Set each line of the material below down word for word, from the first through the line that holds "Hello, all developers.", but not the pictures.

#### DATA PROVIDED
****************

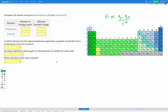In this question we're now going to compare phosphorus and chlorine in the same way. First let's find them in our periodic table. Phosphorus is here and chlorine is here. We can see both phosphorus and chlorine are in period three, but phosphorus is in group 15 and chlorine is in group 17. Now let's fill out our table.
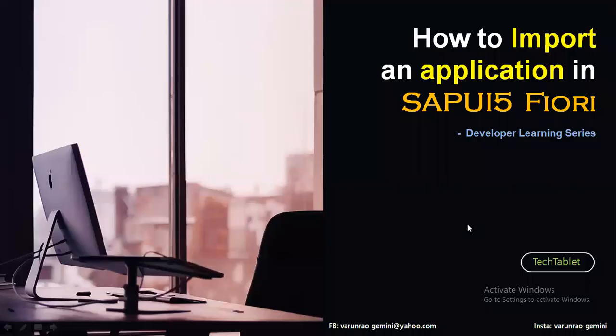Hello, all developers. Good evening and welcome to another session with me, Varun on Tech Tablet. In today's video, we will be looking at how to import an application in SAPUI5 Fiori. This is another video in the developer learning series of SAPUI5 Fiori.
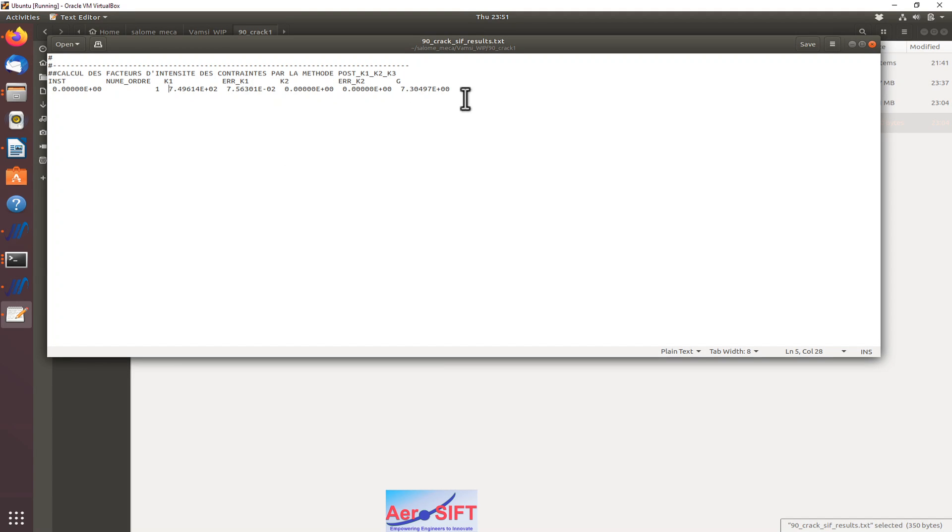Here that is a text file. If I go to my output text file, it produces the K1, K2 values and the G value, which is a strain energy release. In this case, the K1 is calculated as 749.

****************

#### EXPECTED ANSWER
In this question we're now going to compare phosphorus and chlorine in the same way. First let's find them in our periodic table. Phosphorus is here and chlorine is here. We can see both phosphorus and chlorine are in period three, but phosphorus is in group 15 and chlorine is in group 17. Now let's fill out our table.
Hello, all developers. Good evening and welcome to another session with me, Varun on Tech Tablet. In today's video, we will be looking at how to import an application in SAPUI5 Fiori. This is another video in the developer learning series of SAPUI5 Fiori.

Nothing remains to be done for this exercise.